# Guided Project: Building Fast Queries on a CSV

In this project I will use a csv file adapted from the [Laptop Prices dataset on Kaggle](https://www.kaggle.com/ionaskel/laptop-prices). The IDs have changed and the prices are made integers.


## Variable Descriptions:

**ID:** A unique identifier for the laptop.

**Company:** The name of the company that produces the laptop.

**Product:** The name of the laptop.

**TypeName:** The type of laptop.

**Inches:** The size of the screen in inches.

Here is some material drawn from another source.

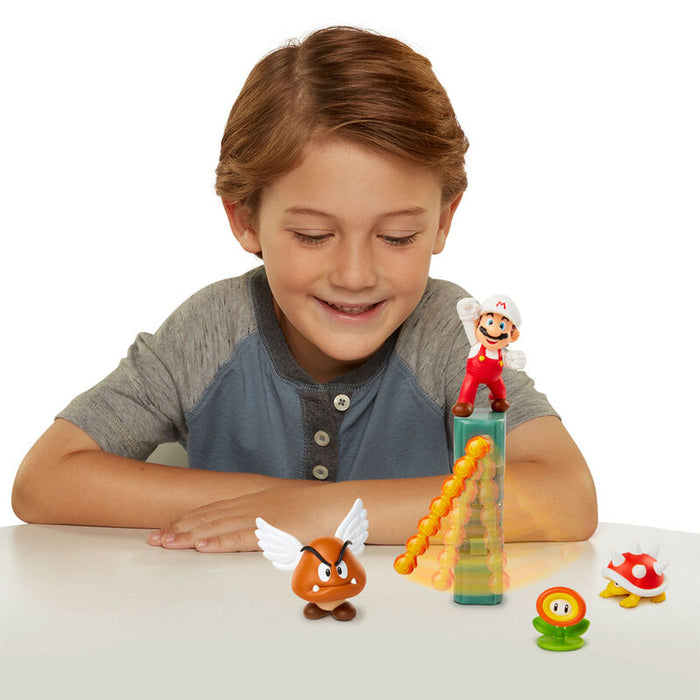 Nintendo Super Mario Lava Castle diorama set-3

**ScreenResolution:** The resolution of the screen.

**CPU:** The laptop CPU.

**RAM:** The amount of RAM in the laptop.

**Memory:** The size of the hard drive.

**GPU:** The graphics card name.

**OpSys:** The name of the operating system.

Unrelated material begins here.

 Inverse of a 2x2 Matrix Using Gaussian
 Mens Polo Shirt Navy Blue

**Weight:** The laptop weight.

**Price:** The price of the laptop.


## Goal of the project

The goal of this guided project is to create a class that represents our inventory. The methods in that class will implement the queries that we want to answer about our inventory. We will also preprocess that data to make those queries run faster.

Here are some queries that we will want to answer:

Given a laptop id, find the corresponding data.

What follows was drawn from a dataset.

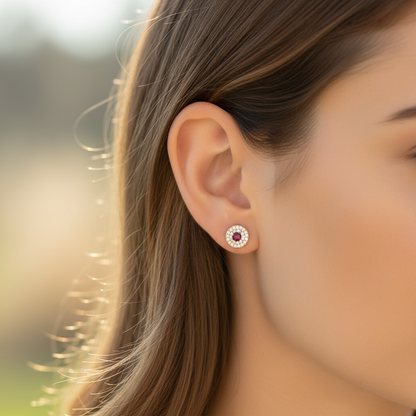 ARETES REDONDOS RUBI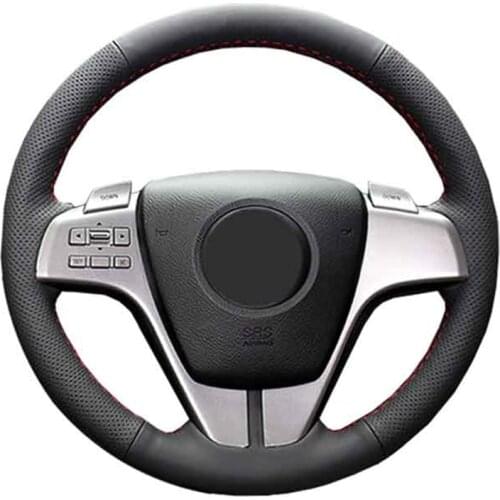 Car Steering Wheel Cover For Mazda 3 Axela Mazda CX-7 CX7 Mazda 5 Mazda 6 Atenza Customize Steering Wrap Microfiber Leather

Given an amount of money, find whether there are two laptops whose total price is that given amount.

Identify all laptops whose price falls within a given budget.

#### Exploring the data

In [1]:
import csv

In [6]:
with open('laptops.csv', encoding='utf8') as f:
    file = list(csv.reader(f))
    header = file[0]
    rows = file[1:]

In [7]:
header

['Id',
 'Company',
 'Product',
 'TypeName',
 'Inches',
 'ScreenResolution',
 'Cpu',
 'Ram',
 'Memory',
 'Gpu',
 'OpSys',
 'Weight',
 'Price']

In [8]:
rows[:5]

[['6571244',
  'Apple',
  'MacBook Pro',
  'Ultrabook',
  '13.3',
  'IPS Panel Retina Display 2560x1600',
  'Intel Core i5 2.3GHz',
  '8GB',
  '128GB SSD',
  'Intel Iris Plus Graphics 640',
  'macOS',
  '1.37kg',
  '1339'],
 ['7287764',
  'Apple',
  'Macbook Air',
  'Ultrabook',
  '13.3',
  '1440x900',
  'Intel Core i5 1.8GHz',
  '8GB',
  '128GB Flash Storage',
  'Intel HD Graphics 6000',
  'macOS',
  '1.34kg',
  '898'],
 ['3362737',
  'HP',
  '250 G6',
  'Notebook',
  '15.6',
  'Full HD 1920x1080',
  'Intel Core i5 7200U 2.5GHz',
  '8GB',
  '256GB SSD',
  'Intel HD Graphics 620',
  'No OS',
  '1.86kg',
  '575'],
 ['9722156',
  'Apple',
  'MacBook Pro',
  'Ultrabook',
  '15.4',
  'IPS Panel Retina Display 2880x1800',
  'Intel Core i7 2.7GHz',
  '16GB',
  '512GB SSD',
  'AMD Radeon Pro 455',
  'macOS',
  '1.83kg',
  '2537'],
 ['8550527',
  'Apple',
  'MacBook Pro',
  'Ultrabook',
  '13.3',
  'IPS Panel Retina Display 2560x1600',
  'Intel Core i5 3.1GHz',
  '8GB',
  '256GB SSD',
  'Intel

In [11]:
class Inventory():
    def __init__(self, csv_filename):
        with open(csv_filename) as f:
            file = list(csv.reader(f))
            self.header = file[0]
            self.rows = file[1:]
            for row in self.rows:
                row[-1] = int(row[-1])

In [12]:
instance = Inventory('laptops.csv')

In [13]:
instance.header

['Id',
 'Company',
 'Product',
 'TypeName',
 'Inches',
 'ScreenResolution',
 'Cpu',
 'Ram',
 'Memory',
 'Gpu',
 'OpSys',
 'Weight',
 'Price']

In [14]:
len(instance.rows)

1303

In [17]:
# Creating a function to extract the information of the laptop according to the id

class Inventory():
    def __init__(self, csv_filename):
        with open(csv_filename) as f:
            file = list(csv.reader(f))
            self.header = file[0]
            self.rows = file[1:]
            for row in self.rows:
                row[-1] = int(row[-1])
                
    def get_laptop_from_id(self, laptop_id):
        for row in self.rows:
            if row[0] == laptop_id:
                return row
        return None


In [18]:
instance_test = Inventory('laptops.csv')


In [19]:
instance_test.get_laptop_from_id('3362737')

['3362737',
 'HP',
 '250 G6',
 'Notebook',
 '15.6',
 'Full HD 1920x1080',
 'Intel Core i5 7200U 2.5GHz',
 '8GB',
 '256GB SSD',
 'Intel HD Graphics 620',
 'No OS',
 '1.86kg',
 575]

In [21]:
print(instance_test.get_laptop_from_id('3362736'))

None


#### Notes:

The algorithm from the previous requires us to look at every single row to find the one that we are looking for (or decide that such a row does not exist). This algorithm has time complexity O(R) where R is the number of rows.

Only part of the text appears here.